As regards the cardnialitae, I would recommend checking out this thread:

I will only add that the cardinals in dioceses are typically named such because of the importance of their diocese to the life of the universal Church, as well as their own notariety as a Church leader.

So, for example, Cardinal George is the metropolitan archbishop of the Archdiocese of Chicago. As such, he is ordinary head of this partticular archdiocese, but also head of the province which includes all of the dioceses in Illinois. Their ordinaries, while essentially independent in governance of their own dioceses, are attached to the cardinal as his suffregans. The auxiliary bishops of Chicago are titual heads of their own defunct historical dioceses while attached to the cardinal in carrying out his ministry here in Chicago. (As a practical matter, they are each charged with relating in a particular way to either a Vicariate - a subdivision of the archdiocese - or other appointed ministry).

The cardinal’s state as a cardinal comes uniquely (and unrelated to any of this, formally) from direct appointment by the pope. He is thus made a “priest of Rome” with special attachment to the pope along with the college of cardinals. In this way, the pope recognizes the special importance of the archdiocese to the life of the Church universal as well as having it’s archbishop’s counsel and support in his court.

Thanks for the replies.[LIST=1]

Does this apply to Archbishop as well as Cardinals? The reason why I ask is because the Cardinal of NY, before being made a Cardinal, was an Archbishop while in the same position.

What does that mean?[/LIST]

An Archbishop has a limited right to supervise and chastise his suffragan bishops, and their priests. One has the right to appeal to one’s bishop, then one’s archbishop, then to Rome, if need be.

In practical terms, it means little, besides commemoration in the liturgy, for the average Catholic.

Cardinal is a title assigned to those granted status as Electors of the Pope. It has nothing to do with the local diocese.
It is not restricted to priests (though almost always bishops, historically, priests and deacons have been made Cardinals with a vote), and they only vote if below a certain age (ISTR it being 75). Certain laymen are also granted the title Cardinal, usually for a life-long service as a layman-Theologian or layman-Cannon-lawyer, and never before being older than voting age (so they do not vote, and thus do not elect the Pope), though it is theoretically possible that some could be.

The Eastern Rite Catholic Patriarchs are usually granted cardinal title from the order of Cardinal-Bishops, when such a titular see becomes open. (See the CCEO)

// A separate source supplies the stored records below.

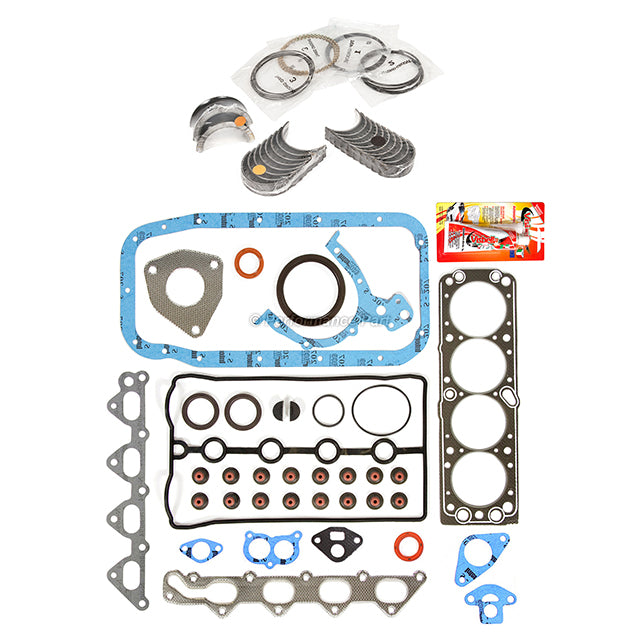 Full Gasket Set Bearings Rings Fit 1998-2001 Daewoo Lanos 1.6L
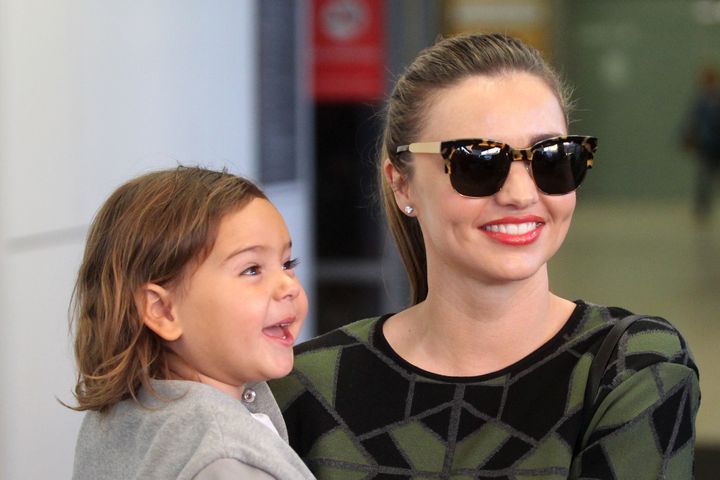 <strong>Miranda Kerr lives in Malibu with her son Flynn, now 11</strong>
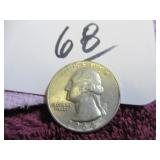 1964 - SILVER QUARTER, GOOD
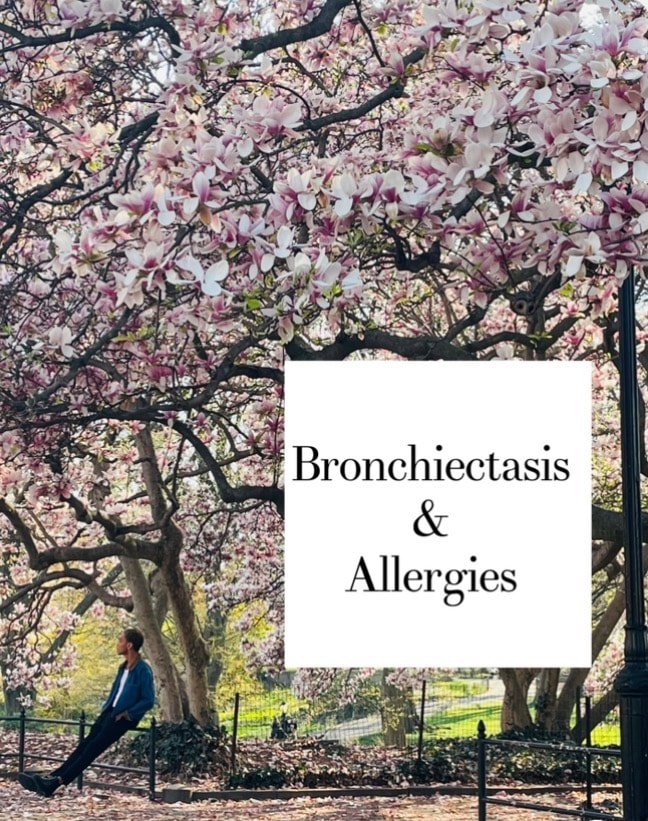 Allergies and Bronchiectasis: How to Reduce Inflammation and Manage Symptoms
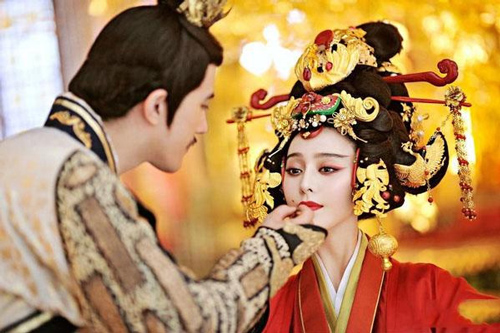 Thấy Hoàng đế đi qua, Võ Tắc Thiên đánh bạo "làm liều" 1 việc và sau này trở thành Võ hậu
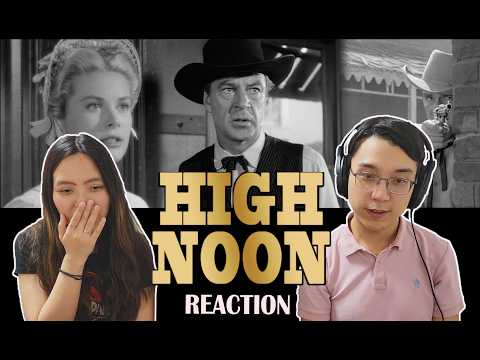High Noon (1952) | MOVIE REACTION | First Time Watching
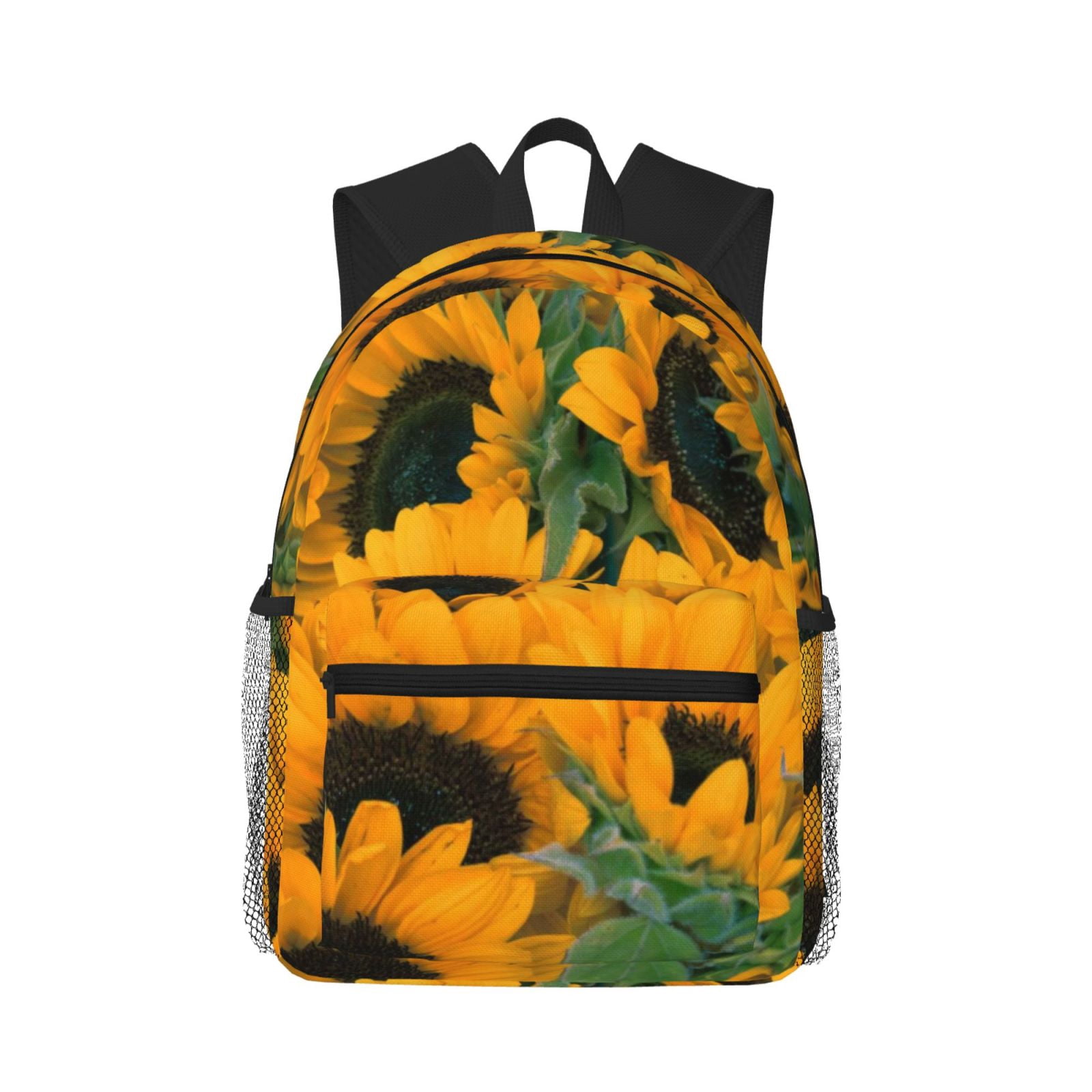 Steampunk Gears Laptop Backpack - Lightweight Daypack With Bottle Pockets For Men & Women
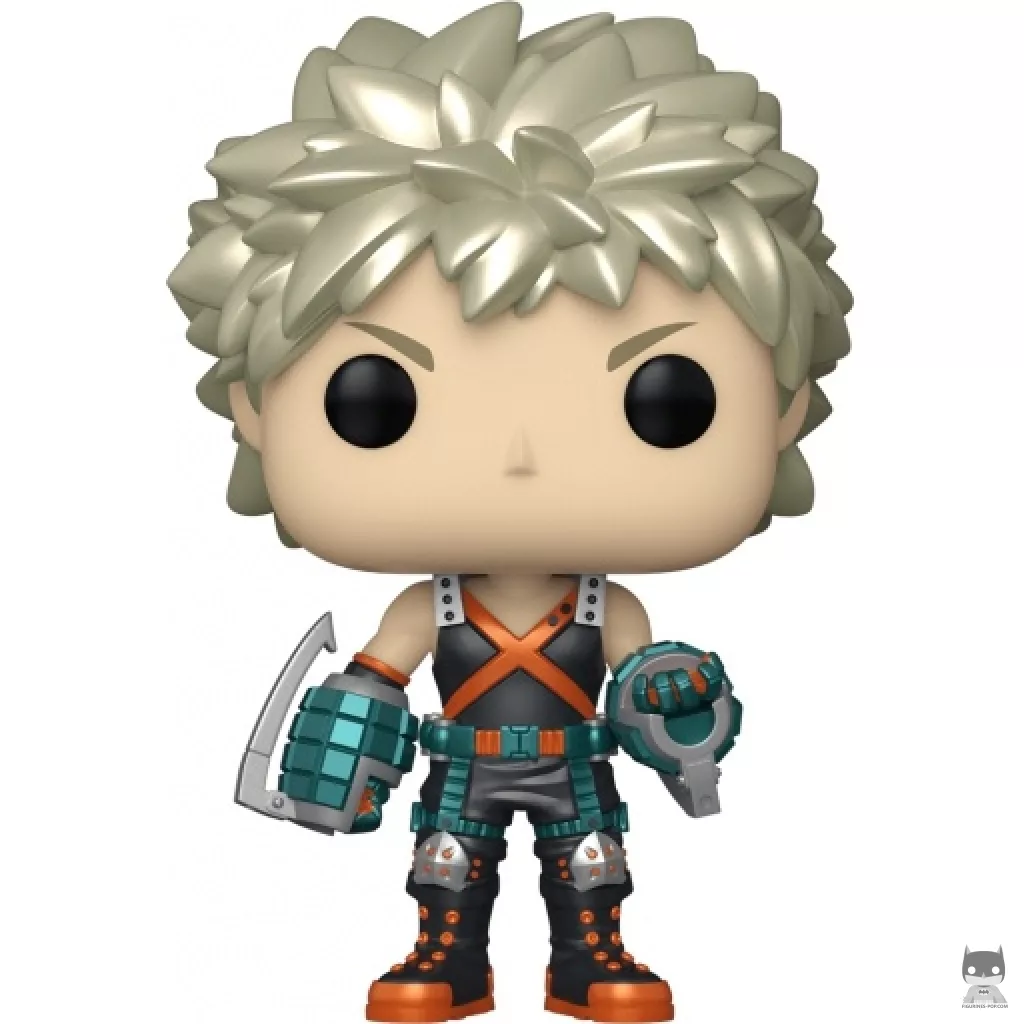 Figura Funko Pop! Katsuki Bakugo (Metalizado) (My Hero Academia)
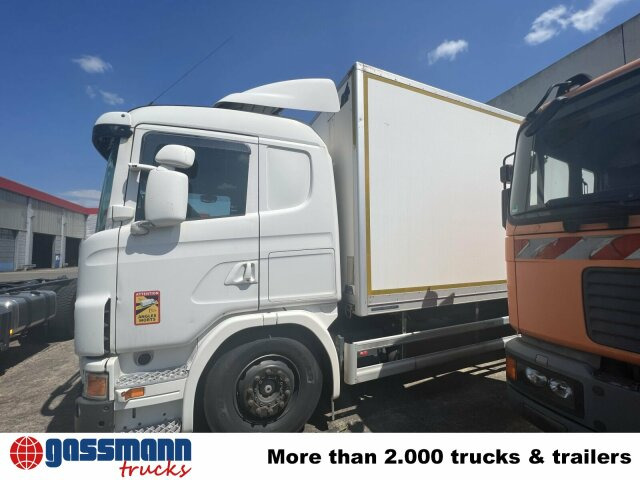 Scania G420 6x2, Liftachse, Hiab LBW, Motor defekt! - Bakwagen: afbeelding 2 Scania G420 6x2, Liftachse, Hiab LBW, Motor defekt! - Bakwagen: afbeelding 2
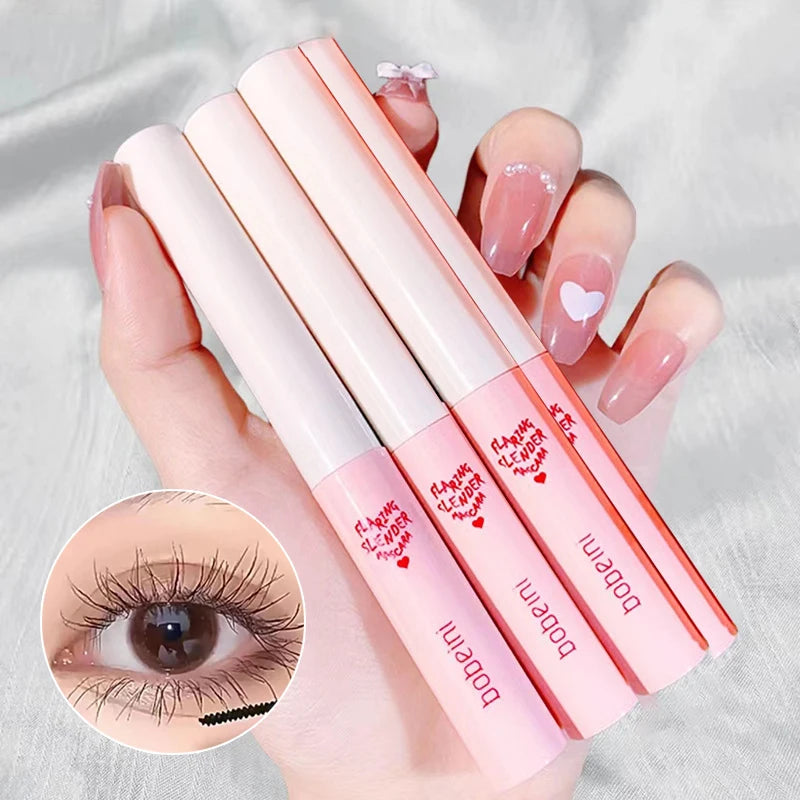 Ultra-Fine Brush Waterproof Silk Fiber Lengthening Mascara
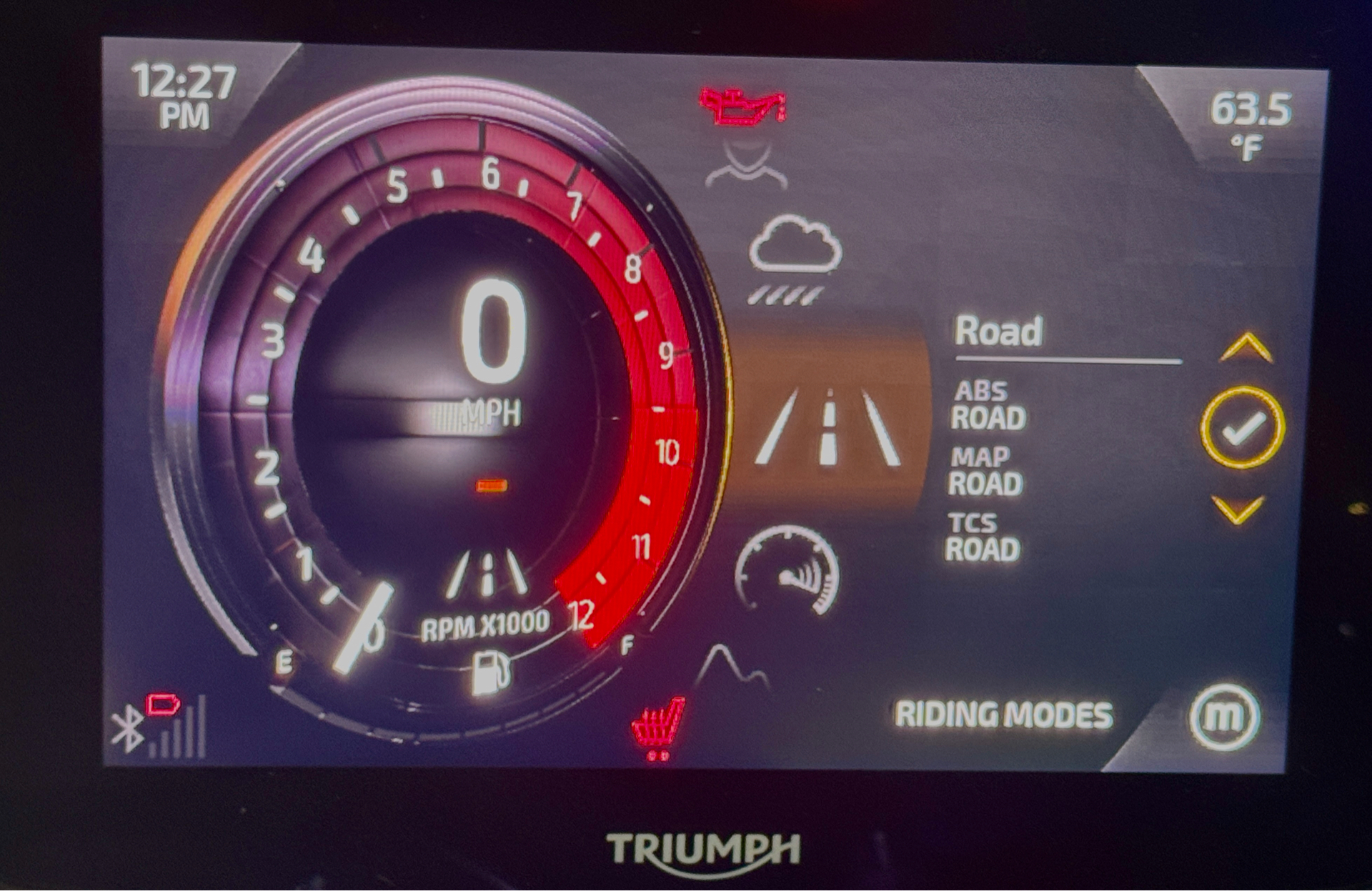 2025 Triumph Tiger 900 Rally Pro in Foxboro, Massachusetts - Photo 2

A diocese is a defined geographical area headed by a bishop.
An Archdiocese is the diocese headed by an Archbishop.
An Ecclesiastical Province is an Archdiocese and its related suffragan Dioceses, and is headed by the Archbishop.

A Patriarchate is either:
A “super province” headed by a particular special Archbishop, whose title is Patriarch, and to whom there are suffragan Archdioceses/Provinces, (Eastern Rites) or
A title of special honor for certain historical dioceses’ Bishops (Western Rites).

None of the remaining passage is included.